Inglis built up his see.  Although he expanded the Litany slightly to include civil officials in colonies, he insisted that priests otherwise follow The Book of Common Prayer (1662) to the letter.  He also oversaw the construction of more than 23 church buildings and visited congregations faithfully, confirming many people yet not converting the majority of the population to Anglicanism.  In 1789 our saint founded King’s College, Windsor, as a seminary.  Despite all his hard work, Inglis proved unable to fill all vacancies in missions.  That fact disturbed him.  In 1796 the bishop moved from Halifax, citing issues of climate and weather, and relocated to Clermont, a farm and orchard near Windsor.  And, in 1809, our saint joined His Majesty’s Council, ranking immediately after the Chief Justice.

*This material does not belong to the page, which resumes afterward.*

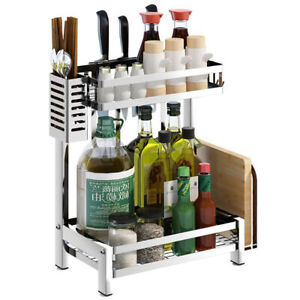 2-Tier Kitchen Standing Organizer Rack Shelf Countertop Spice Rack Storage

Inglis worked closely with his youngest child, John Inglis (1777-1850).  The father ordained the son deacon in 1801 and priest the following year.  For 14 years John served at Aylesford, near Windsor.  During many of those years he served as his father’s assistant.  In 1807, at John’s urging, King’s College, Windsor, remaining a seminary, began to admit non-Anglicans, although subscription to the 39 Articles of Religion remained a requirement for earning a degree.

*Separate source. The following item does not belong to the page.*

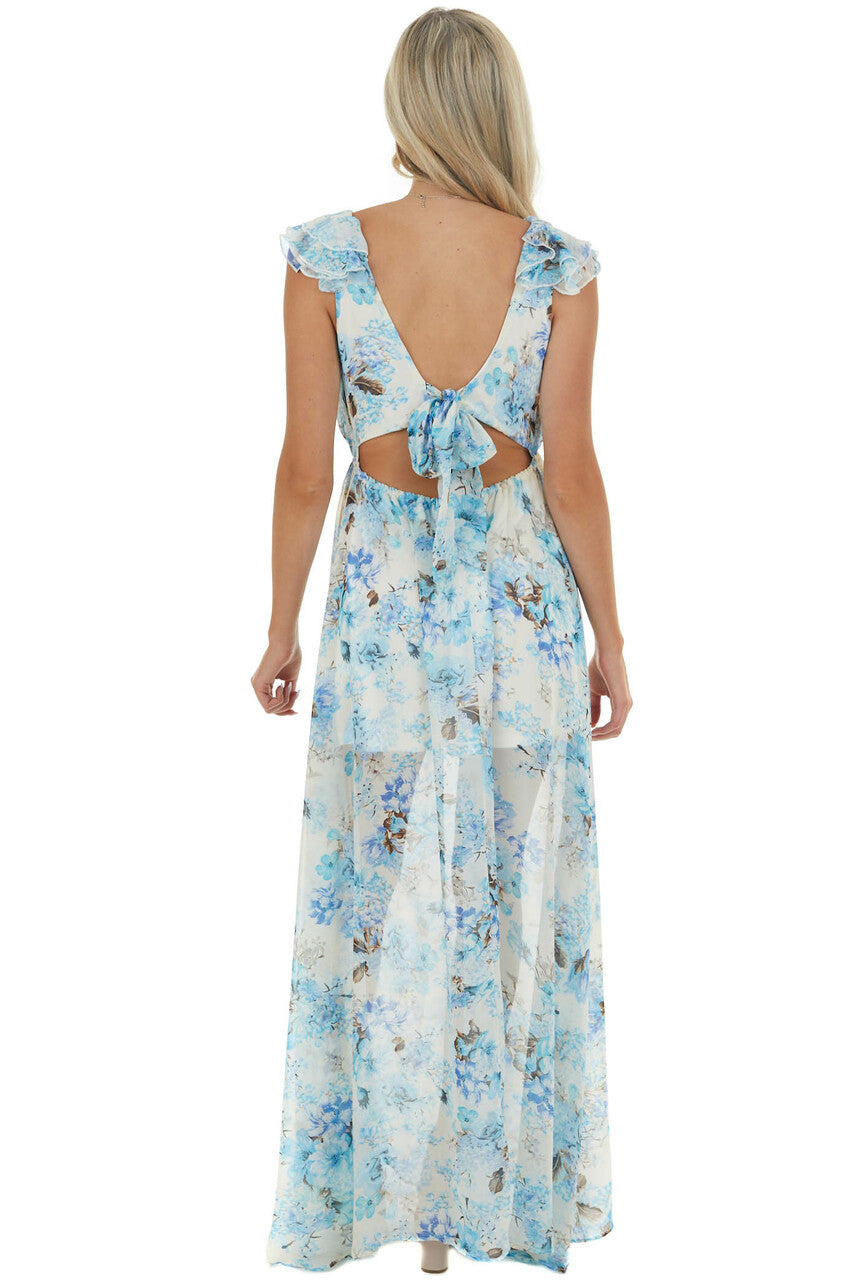 Cream and Sapphire Floral Print Maxi Dress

Inglis suffered a stroke in the summer of 1811.  He asked the Archbishop of Canterbury and other church leaders to appoint and consecrate John as the Bishop Coadjutor.  Our saint assumed that he would die soon; he survived until February 24, 1816, aged about 82 years, instead.  In 1812, however, eccelesiastical officialdom decided not to make John a bishop yet.  The stated reasons were the son’s inexperience and allegations of nepotism.  Neither did the church send another bishop until 1816.  The tenure of Robert Stanser, the second Bishop of Nova Scotia, was not a glorious age of church growth, for he spent 1817-1824 in England for health reasons before vacating the post.  Finally, in 1825, John Inglis, the Rector of St. Paul’s, Halifax, from 1816, became the third Bishop of Nova Scotia.  He served in that capacity for a quarter of a century.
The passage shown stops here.